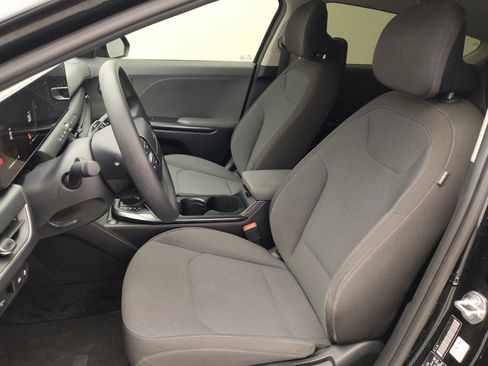 Used 2025 Kia K4 FWD image 17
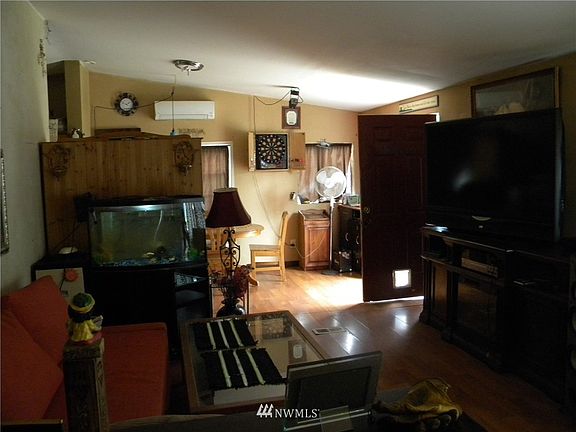 5th image of 9103 211 Street Ct E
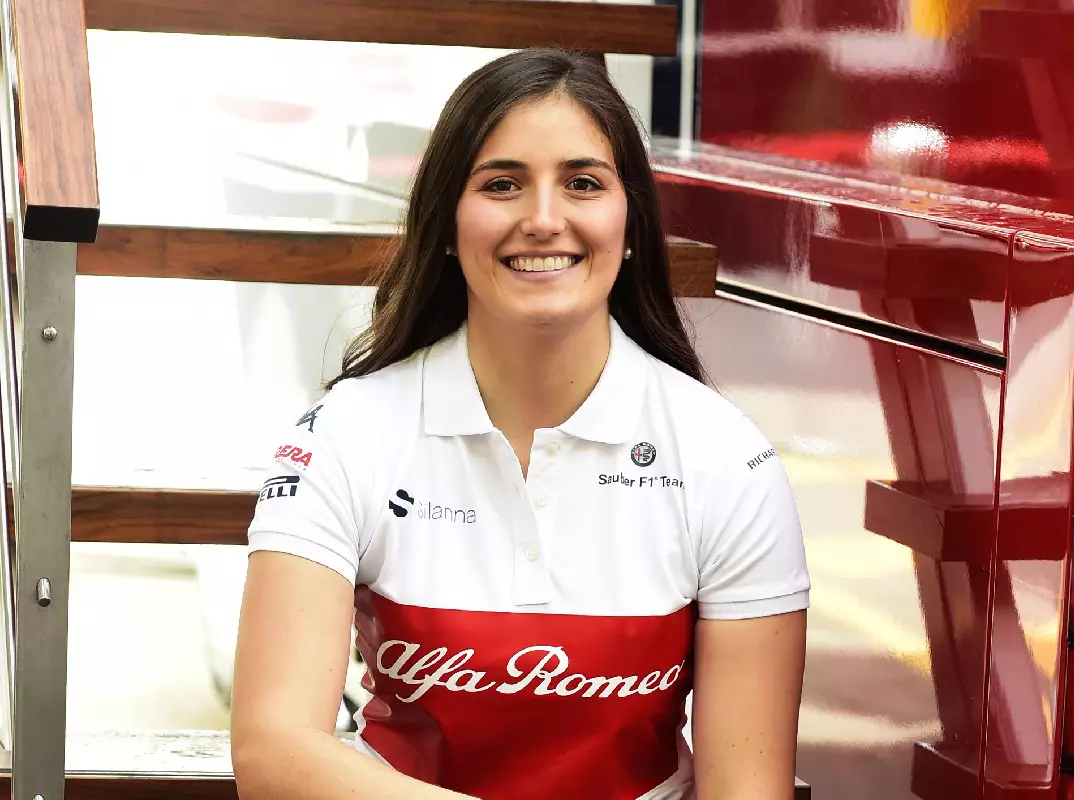 Foto zur News: Tatiana Calderon steigt 2018 zur Testpilotin bei Sauber auf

..............................

• **Problem to work on**
Word for word, reproduce the material above and omit each image.

• **Response**
 Used 2025 Kia K4 FWD image 17
 5th image of 9103 211 Street Ct E
 Foto zur News: Tatiana Calderon steigt 2018 zur Testpilotin bei Sauber auf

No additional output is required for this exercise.